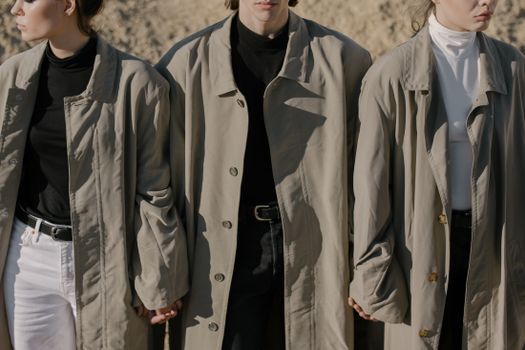 Three stylish adults in trench coats exude urban fashion chic as they hold hands outdoors.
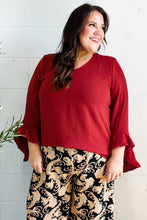 Load image into Gallery viewer, Falling In Love Hi-Lo Ruffle Sleeve Woven Top in Rust
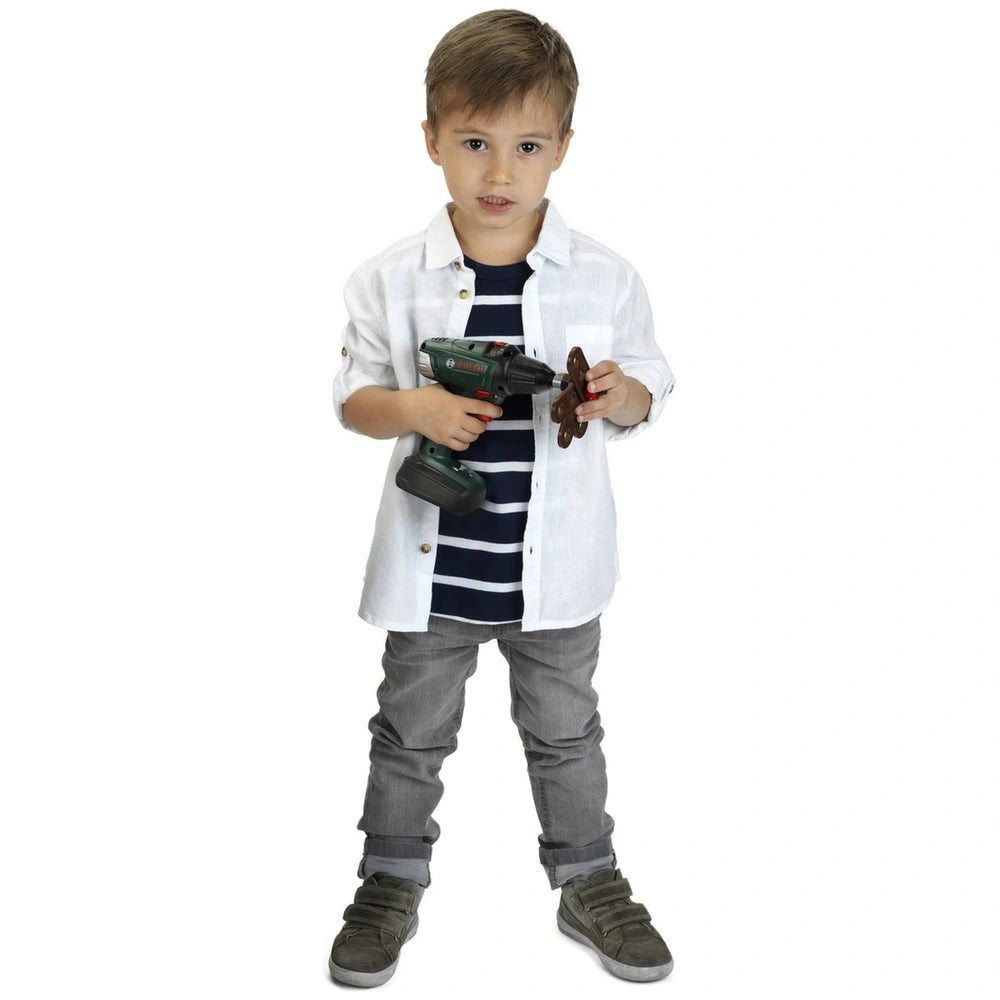 Theo Klein Bosch cordless drill in a child's hands, wearing a white striped shirt and gray pants, holding a screw.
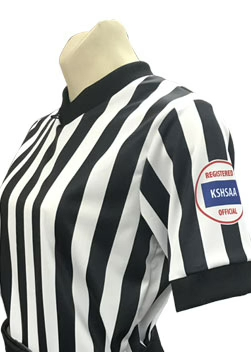 A referee shirt with the kspaa logo on it.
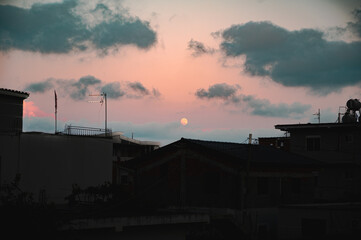 Full moon over city rooftops silhouettes at night sky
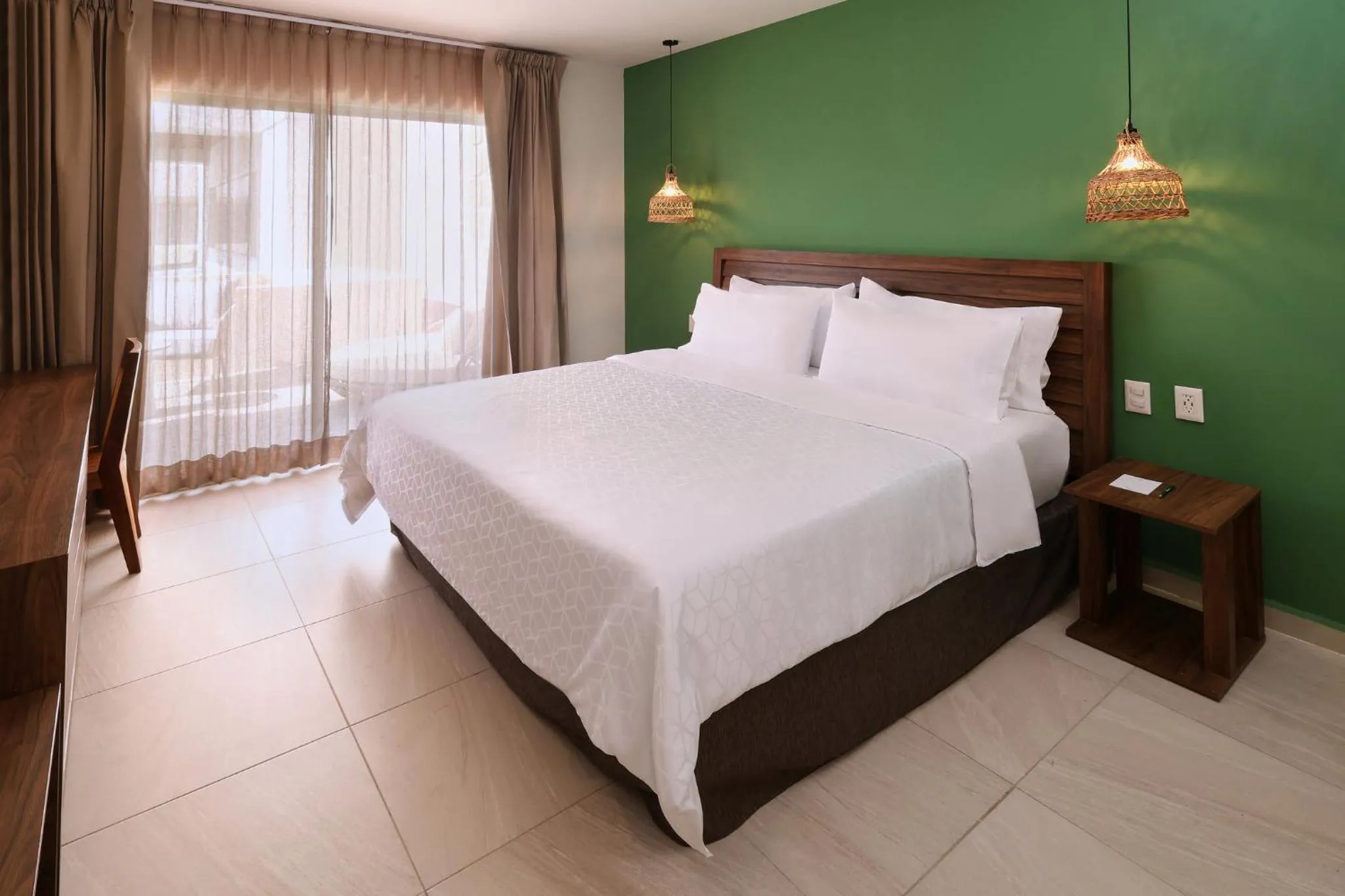 Photo of the whole room, Bed in Holiday Inn Tulum by IHG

------------------------------------------------------------------------

**What you should do:**
Omit every picture, then reproduce the rest of the listing exactly.

**Solution for this exercise:**
 Three stylish adults in trench coats exude urban fashion chic as they hold hands outdoors.
 Load image into Gallery viewer, Falling In Love Hi-Lo Ruffle Sleeve Woven Top in Rust
 Theo Klein Bosch cordless drill in a child's hands, wearing a white striped shirt and gray pants, holding a screw.
 A referee shirt with the kspaa logo on it.
 Full moon over city rooftops silhouettes at night sky
 Photo of the whole room, Bed in Holiday Inn Tulum by IHG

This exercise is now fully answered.